Novel design for tri-generation cycle with Parabolic Trough Collector: An exergy-economic analysis

Abstract

In this work, a new design for the tri-generation cycle with solar energy resources using Therminol 66 in its parabolic thermal solar collectors has been proposed. The solar collectors absorb the solar energy and pass that to the Organic Rankine Cycle (ORC) with n-octane, n-pentane, n-hexane, and n-heptane working fluids. Besides, the energy loss of the evaporator of the organic Rankine cycle has been used for producing thermal load and that of condenser has been utilized for the cooling load generation. In this research, the main innovation is the use of an organic Rankin cycle condenser as the energy source of the absorption refrigeration cycle. Also, the effect of different fluids such as n-octane, n-heptane, n-pentane, and n-hexane on the operation of the whole system has been investigated.
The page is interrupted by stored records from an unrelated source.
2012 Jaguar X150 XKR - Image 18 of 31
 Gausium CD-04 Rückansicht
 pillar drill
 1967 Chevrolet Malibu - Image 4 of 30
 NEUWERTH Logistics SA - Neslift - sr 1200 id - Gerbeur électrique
The validation of the results has been carried out which showed acceptable agreement and confirms the accuracy of the proposed model. The power coefficient and exergy factor of the cycle have been obtained as 32.72 and 23.83%, respectively. Furthermore, the highest exergy destruction of the proposed tri-generation system occurs in the steam generator, the generator of the absorption refrigeration cycle, and turbine of organic Rankine cycle by 14742 KW, 3974 KW and 3374 KW with the exergy destruction percentage of 54%, 15%, and 12%, respectively. In the economic aspect of the proposed system, the highest cost is for the evaporator of the absorption refrigerator system with 69.71 dollars per hour and the second and third highest cost are for HRSG and the turbine with 32.4 and 30.33 dollars per hour which have 41%, 19% and 18% of the total cost of the proposed system, respectively. Also, the results show that the most costs of waste are for the generator, turbine, and SHX heat exchanger which waste 6.639, 5.586 and 4.22 dollars per hour with 34%, 29%, and 22% of the total cost of waste, respectively. Moreover, it can be seen that by increasing the temperature of the solar collector from 200° to 500°, the first-law efficiency decreases from 37.6% to 28.6%, the second-law efficiency decreases from 40.15% to 17.29% and the total cost decreases from 4.78 to 4.77 dollars per Gigajoule.